A good bat should be broken in before you can use it on the field. The bat needs time to warm up and adjust its weight. On top of that, you need to find the right balance of strength and flexibility.
Taking 100 half-power swings on high-quality softballs placed on a tee is the best way to break your softball bat.
It would be best if you didn’t hit with any hard ball immediately. This can damage the wood and make it hard for you to get the right feel when hitting with your new bat later on. Any practice, such as one in a cage, should only have regulation-sized high-quality softballs with natural leather skin and proper stitching. Pock-marked rubber balls used in many cells and practice sessions can damage the bat instead.
Another tip is to use fresh balls when breaking in your new bat. You want each ball to feel different to help you adjust to whatever swing style you have at any given time. If you’re using tapered balls instead of round ones, ensure they’re taped correctly before hitting them with each swing.
Note that not all bats need to be broken in!

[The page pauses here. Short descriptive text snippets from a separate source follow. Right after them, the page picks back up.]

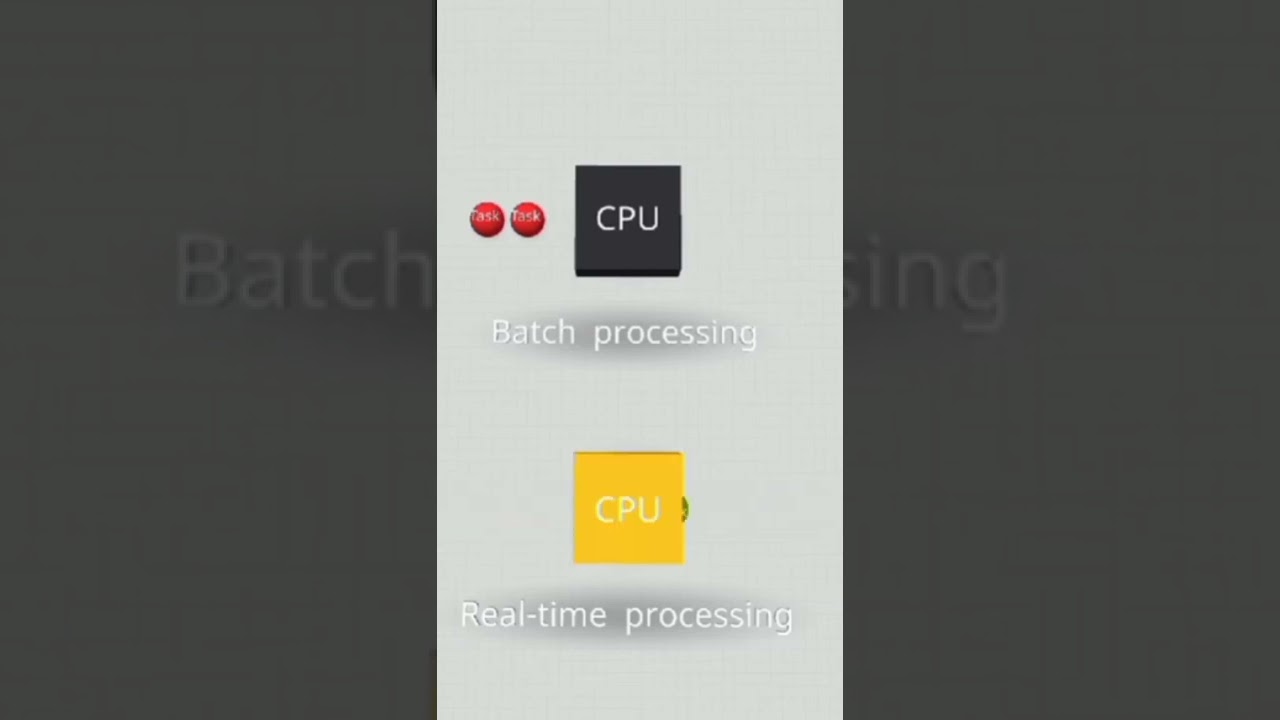 #Batch processing vs #Real #time #processing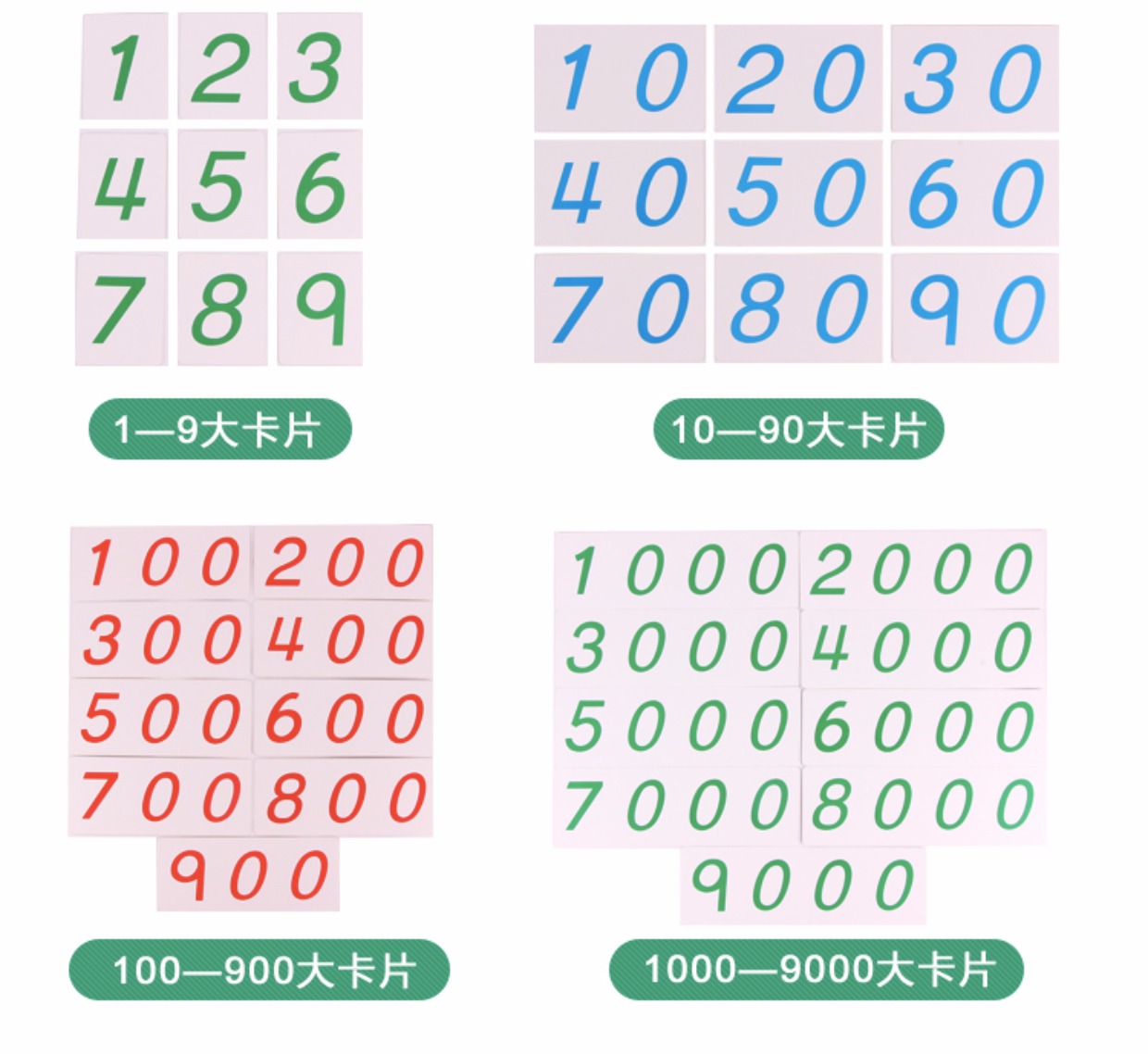 蒙氏数学教具蒙特梭利蒙台梭利1-9000数字大卡片1-9000数字小卡片_双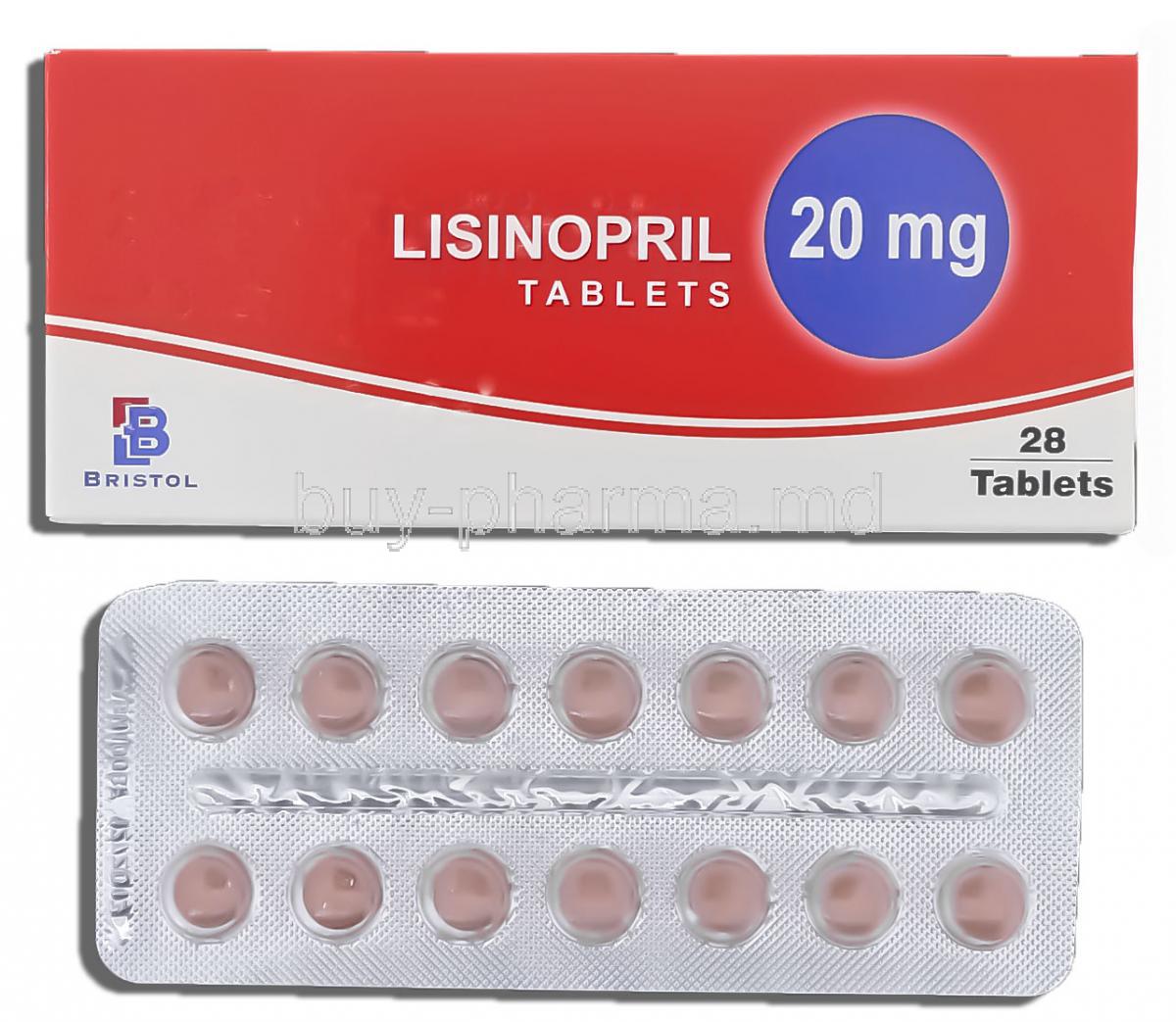 what are the other names for lisinopril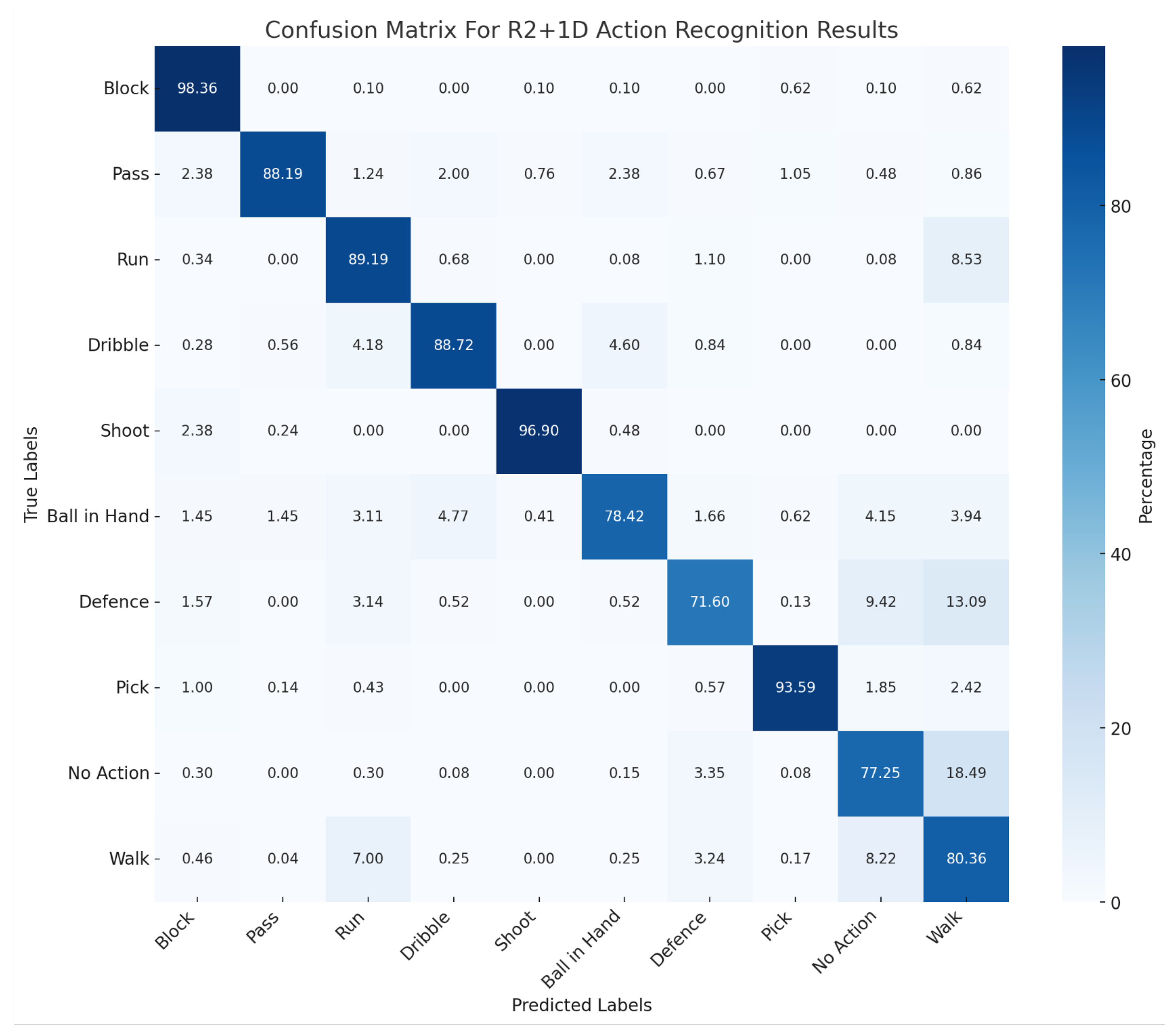 Applsci 15 01543 g009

Does my bat need to be broken in?
100% alloy bats or softball bats with an alloy barrel have no break-in period. Playing more with them will not adjust their internal fibers or anything, so they are good to go right off the bat.
These are typically fast-pitch softball bats.
However, the majority of non-alloy bats have a break-in period. This included wooden and composite softball bats. In composite bats specifically, the internal carbon fibers need to loosen up for the bat to reach its peak performance. The time it takes to get to this point is the bat’s break-in period.
It’s possible to sufficiently break in a composite bat’s internal fibers in a single game. Fresh composite bats don’t perform as well as broken-in bats. Never pick up a new bat midway through a game, or if you can help it, not even midway through a season.
Tips to accelerate the breaking-in process
Though time and practice are the best ways to break in a softball bat, you can try a few tips and tricks that we have for you below.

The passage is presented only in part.